Buyer Bewitched 

Don’t you know, new houses are plagued by sloppy construction

ONLINE EXCLUSIVE: About this time of year, just before spring house-shopping time, I feel an urge to share a little inside house-buying dope with eager would-be homebuyers.

About this time of year, just before spring house-shopping time, I feel an urge to share a little inside house-buying dope with eager would-be homebuyers.

First of all, let me tell you the upside of owning a home. Having your very own house, in a neighborhood that you love, is a wonderful thing. Wife Brenda and I share a weakness for old houses in old neighborhoods, where sidewalks connect every front porch and 100-year-old trees shade the whole neighborhood. We’ve lived in two such houses in Nashville. Both turned out to be good homes and good investments.

But after a 20-year run in the home inspection business, I know that some folks don’t have such good house-buying luck. Over the last 10 years or so, I saw my home inspection company transform from a little homespun advice-giving business into more of a litigation-support and expert-witness business.

Best I can tell, it’s getting harder for folks to find a good house—especially a brand-new, fresh-out-of-the-ground house. And it’s getting harder to buy a house without somebody unfairly manipulating you along the way.

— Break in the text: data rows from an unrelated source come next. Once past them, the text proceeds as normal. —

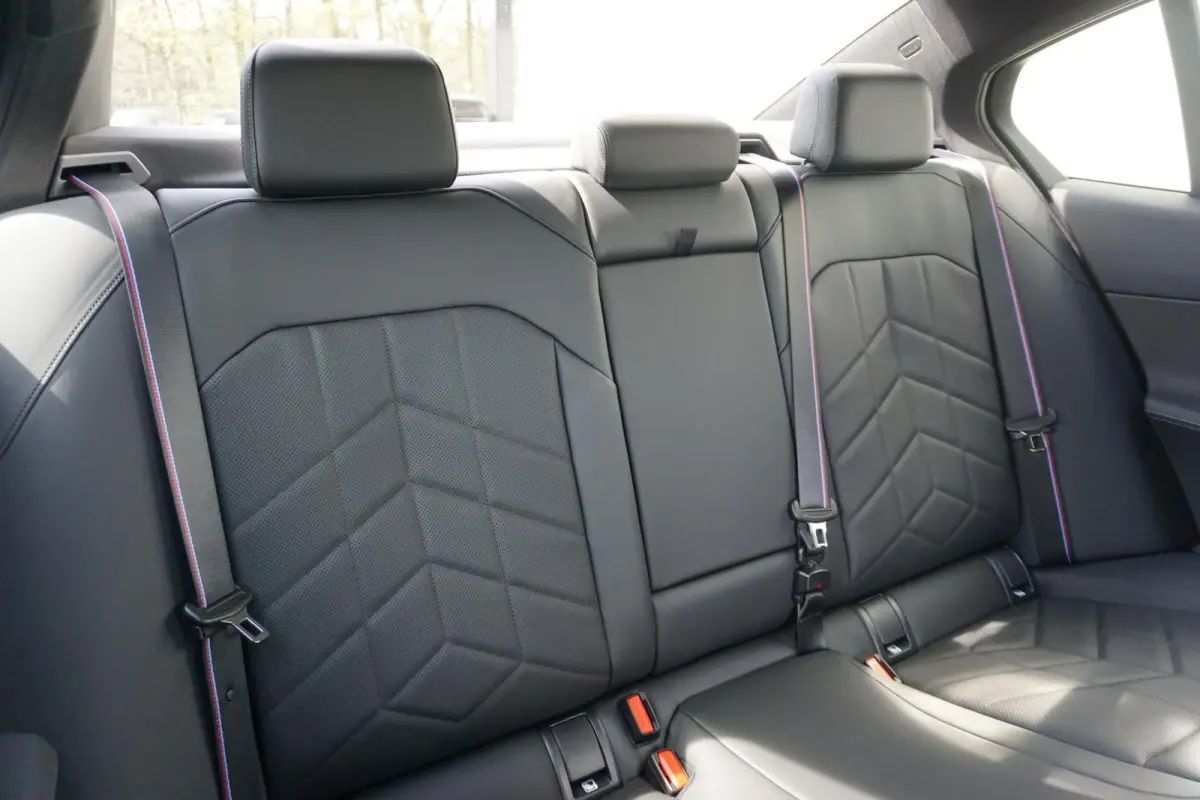 eDrive40 | M Sportpakket Pro | Harman Kardon | Driving Assistant Plus | Comfortstoelen met stoelventilatie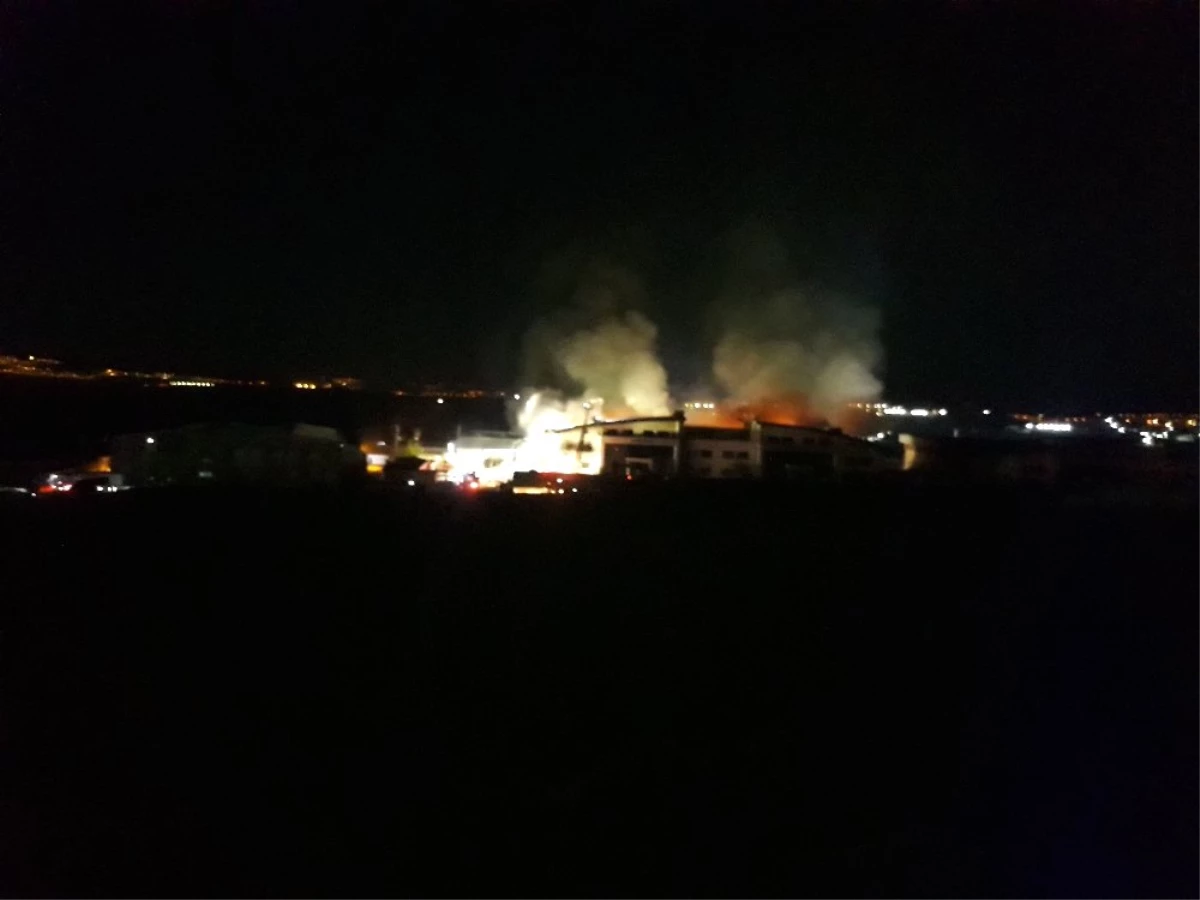 Avnavutköy\'deki Fabrika Yangını Kontrol Altına Alındı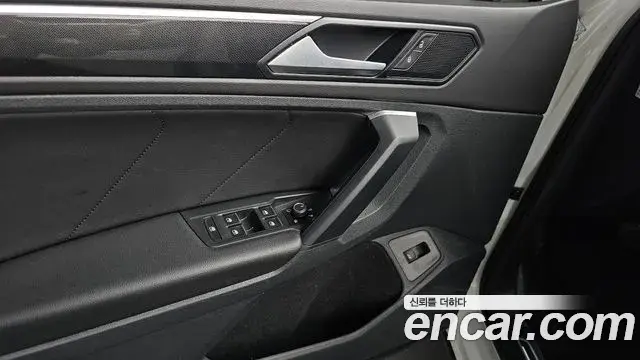 Volkswagen Tiguan 2021 — Şəkil 23/33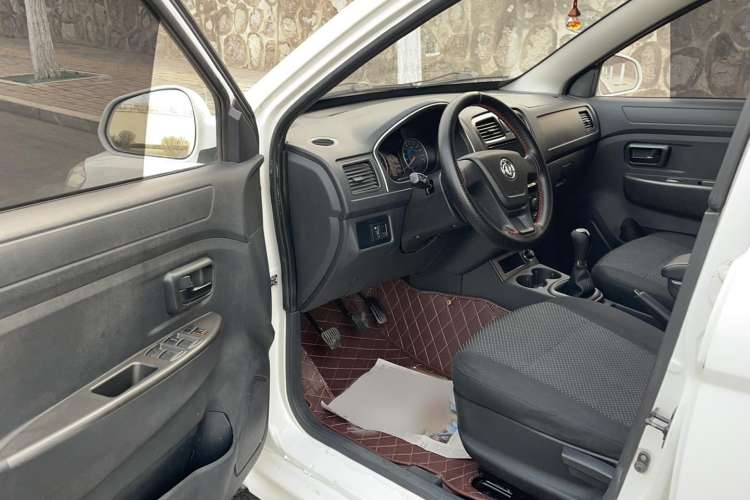 Used Dongfeng Fengon 330 2018 1.5L Manual Practical II DK15 Interior 2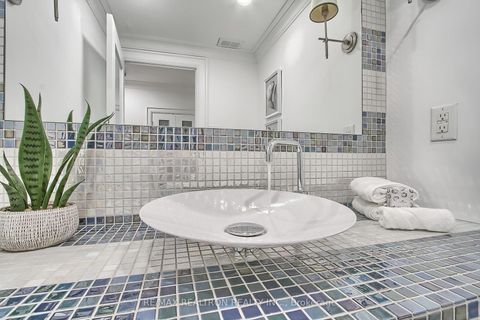 Photo 27 at 406 - 55A Avenue Road, Annex, Toronto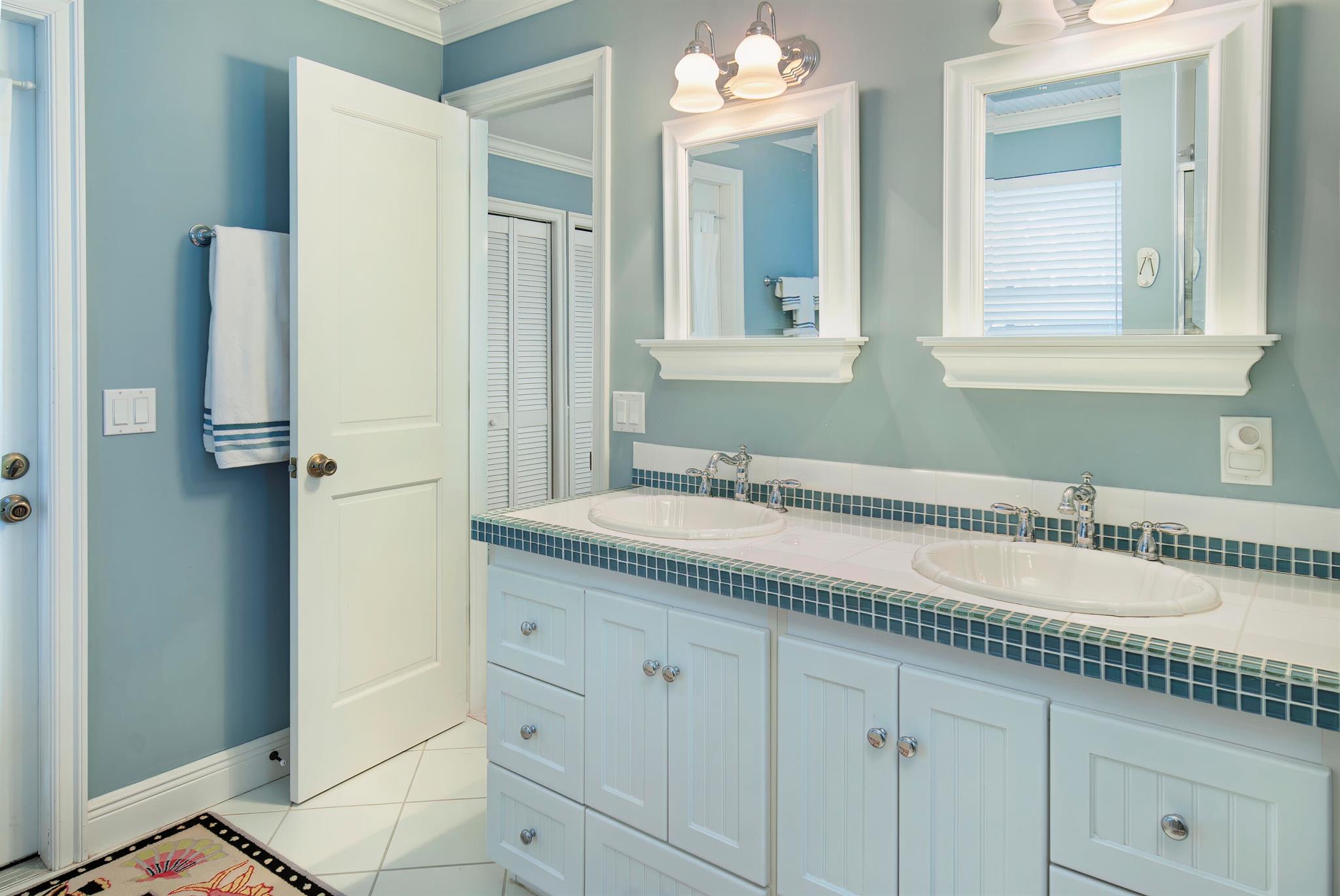 SUMMERPLACE UNIT 1 REPLAT - Residential Lease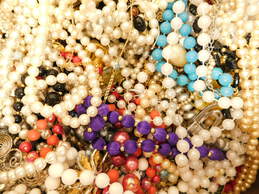 15.2 LBS VNTG Costume Jewelry Variety & Brooches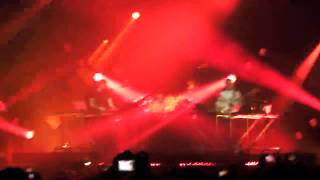 Disclosure "When fire starts to burn" @ Pitchfork Festival day 2, Grande Halle de la Villette, Paris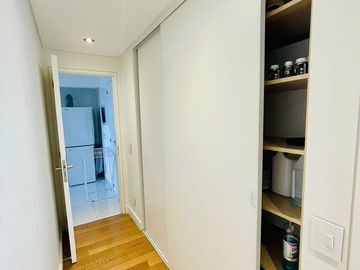 Departamento en Venta Le Parc Puerto Madero 3 ambientes con Cochera y Baulera, Amoblado!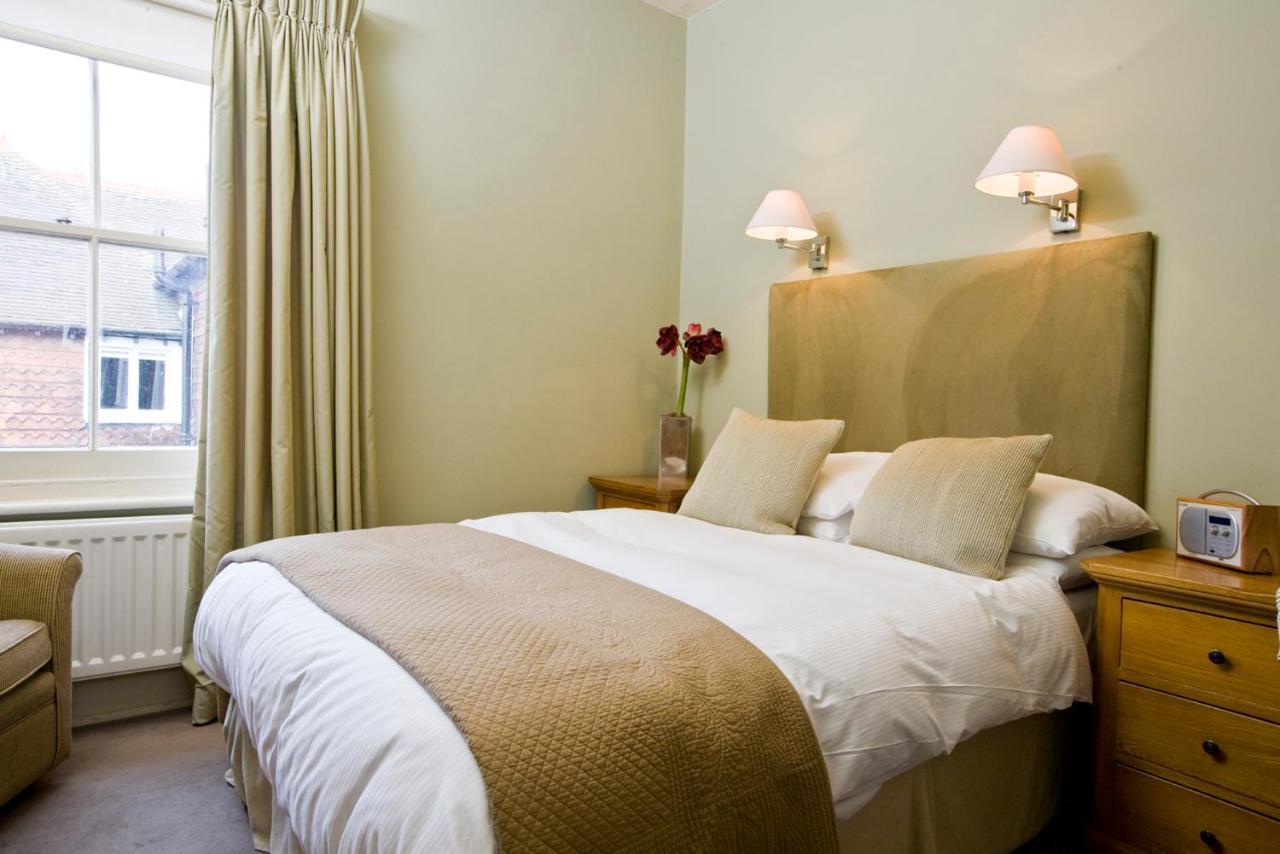 The Bell Hotel ساندويتش المظهر الخارجي الصورة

The newly built houses I’ve seen in the last 10 years have been uniformly plagued by sloppy construction. During this time, the labor pool has been made up mostly of unskilled workers doing substandard work. In new developments, roofs tend to leak, walls and windows leak, brick veneer cracks, and decks rot prematurely. Apparently, unskilled workers are having trouble reading instructions. For instance, a few years ago, I walked into the crawl space of a new house and found the whole house supported by a dozen or so steel columns. Each column had a big red label that read: “Not for use in new construction.”

From what I’ve seen, there are few, if any, carpenters who can perform the simple task of installing a folding attic stair. Every stair comes with a big label that shows how to install it, along with little labels that show where the nails and lag screws should go. Even so, installers routinely cut the stairs too short or too long, and put drywall screws into the very holes that are labeled, “Nail here.” Just so you’ll know: Using screws where you should be using nails can cause an attic folding stair to collapse—while you’re on it.

Hint to homebuyers: The cheap labor on new construction is extremely expensive in the long run. Builders know this. But they won’t tell you. When you complain about growing leaks and cracks in your new house, the boss man will most likely send an unskilled guy to squeeze caulk into the gaps. He’ll do that until your home warranty runs out. Then you’ll be stuck with the cost of fixing the original slipshod work.

Meanwhile, home inspectors are being licensed by their respective states. That’s good, right? Well, no. It’s mostly bad. Here’s why: The folks who build and sell houses have lobbyists who make sure their state legislators take care of their interests. The rules and regulations that apply to home inspectors are meant to make money for builders and sales folk. Protecting consumers is a low priority.

A few examples: In North Carolina, home inspectors were recently instructed to leave safety issues out of their report summaries. That’s because most homebuyers skim the boring body of their inspection report and rely on the summary. If safety issues—for instance, fire hazards, electrical shock hazards, asphyxiation hazards, trip-and-fall hazards—are buried in the body of the report, buyers likely won’t read the worrisome warnings, get nervous and walk away from deals. Builders, sales folk and state legislators know this. But they won’t tell you to read the whole report.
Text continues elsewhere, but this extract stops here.